So my phone rings this morning, and an unfamiliar voice says, “Hello, Grandpa.” It’s a male voice, which makes me suspicious because my grandchildren are girls.
I do have a great-grandson, and I wouldn’t recognize his voice on the phone, and it’s just possible that this might be him. He goes on to tell me he’s out in Las Vegas for a wedding, and he had a bit too much to drink and got in a car accident and some woman and her little child were badly injured and the breathalyzer said he was over the limit, and the judge says he’s gonna have to go to jail… oh, and would I please send bail money?
No sooner had the words, “Sorry, but I don’t have the money to bail you out,” left my lips than the caller hung up. Of course, if I did have a grandson, he would have known that asking me for bail money would be like asking me for money for a sex-change operation. Ain’t gonna happen, sonny.
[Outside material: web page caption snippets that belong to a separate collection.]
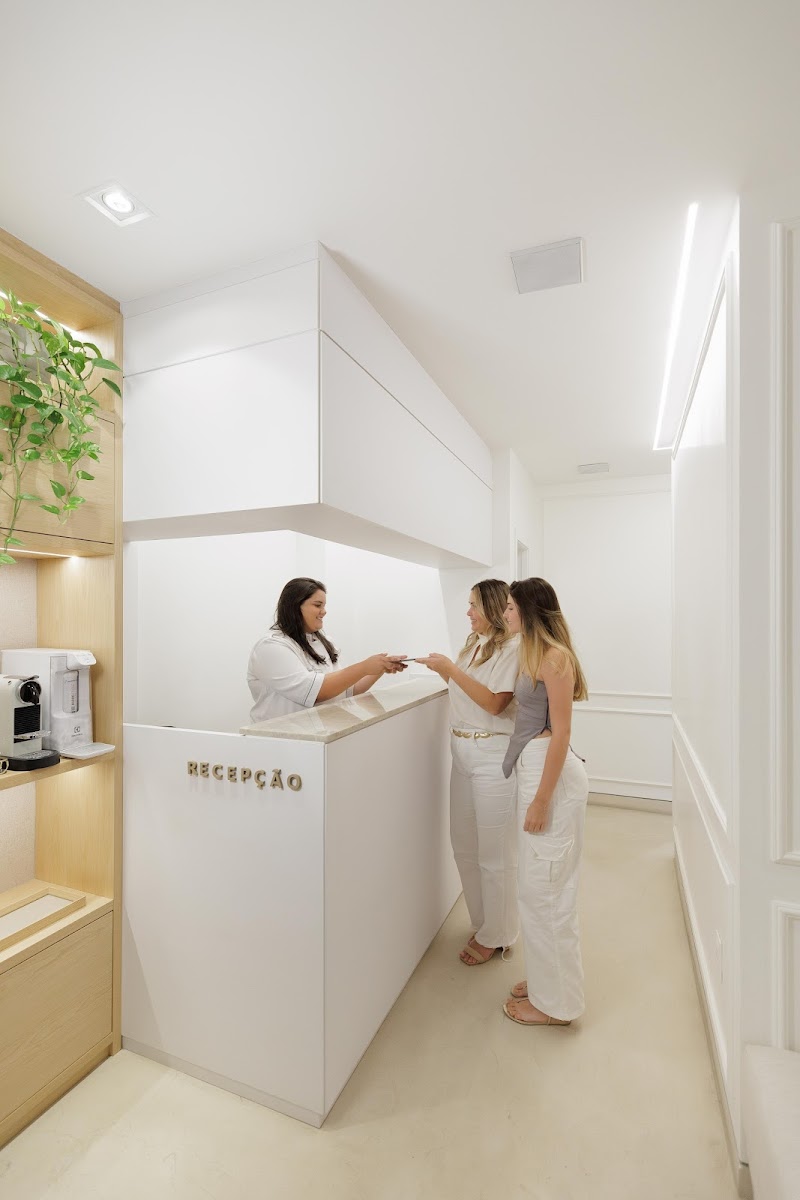 Dra Fabíola Marinho- Dentista - foto 2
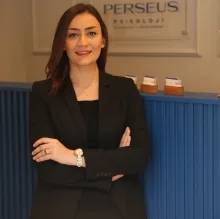 Kl. Psk. Büke Çetin Yılmaz — Psikolojik Danışma ve Rehberlik, İstanbul. Portre fotoğrafı.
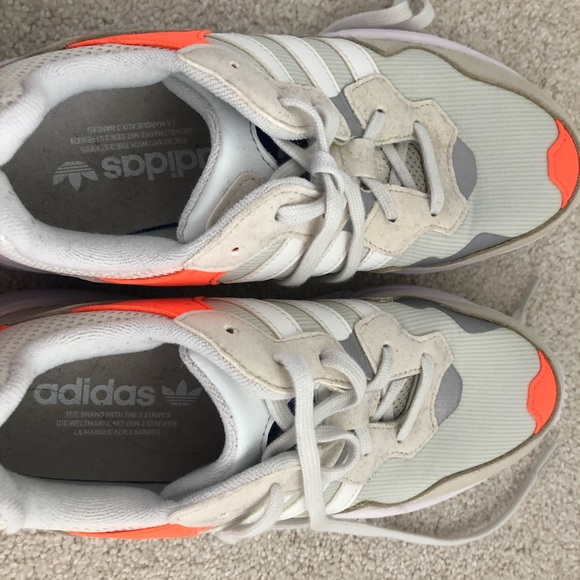 Worn once adidas sneakers - Picture 2 of 5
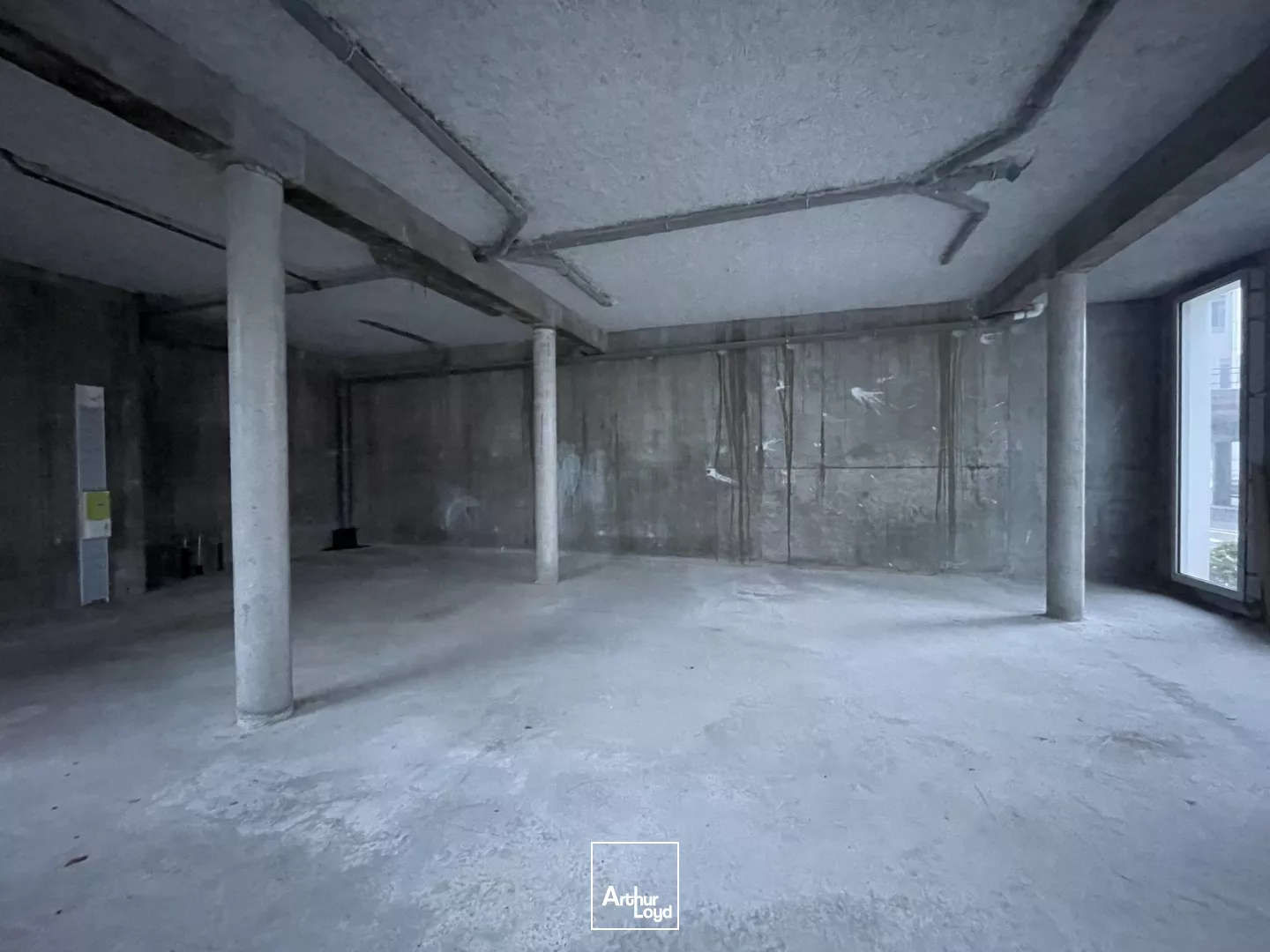 LOCATION CELLULE COMMERCIALE 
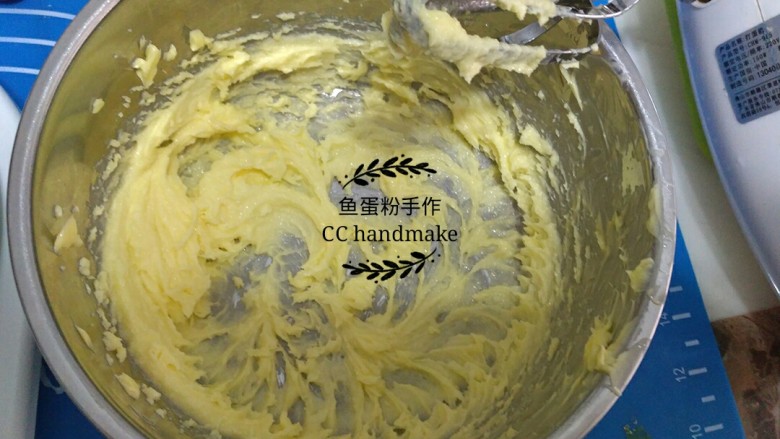 蔓越莓芝士派,先做派皮。<a style='color:red;display:inline-block;' href='/shicai/ 887'>黄油</a>室温融化至手指可以轻易搓洞的状态。加入细砂糖和盐打发至微微发白。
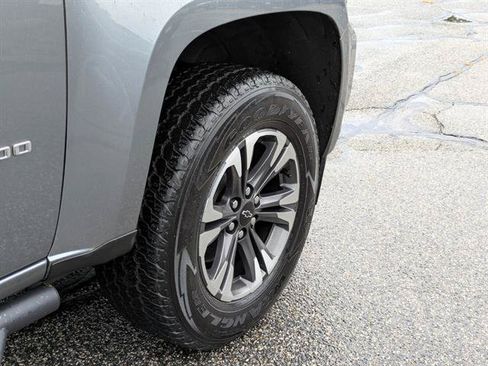 Used 2022 Chevrolet Colorado Z71 AWD/4WD image 29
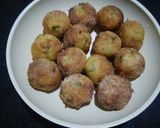 A picture of step 1 of Aloo paneer kofta curry.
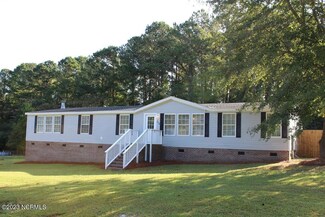 112 Indian Cave Dr, Richlands, NC 28574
And so a word of caution: this is a very common scam, folks. Please don’t fall for it. If you get a phone call from a grandson or granddaughter claiming to be in serious trouble, please send money–don’t. Or at least check it out before you do anything. Ask to speak to the police, for instance. Find out if he really is in a police station. Don’t be a sucker.
A few weeks ago I got an email from someone I know, a minister, saying he’s stuck in the Philippines because he got mugged and they took all his money, and would all his friends please wire him some dough so he can come home… It was fake. The real minister found out about it because someone told him about the email.
If you really must send money to someone you don’t know–hey, send it to me.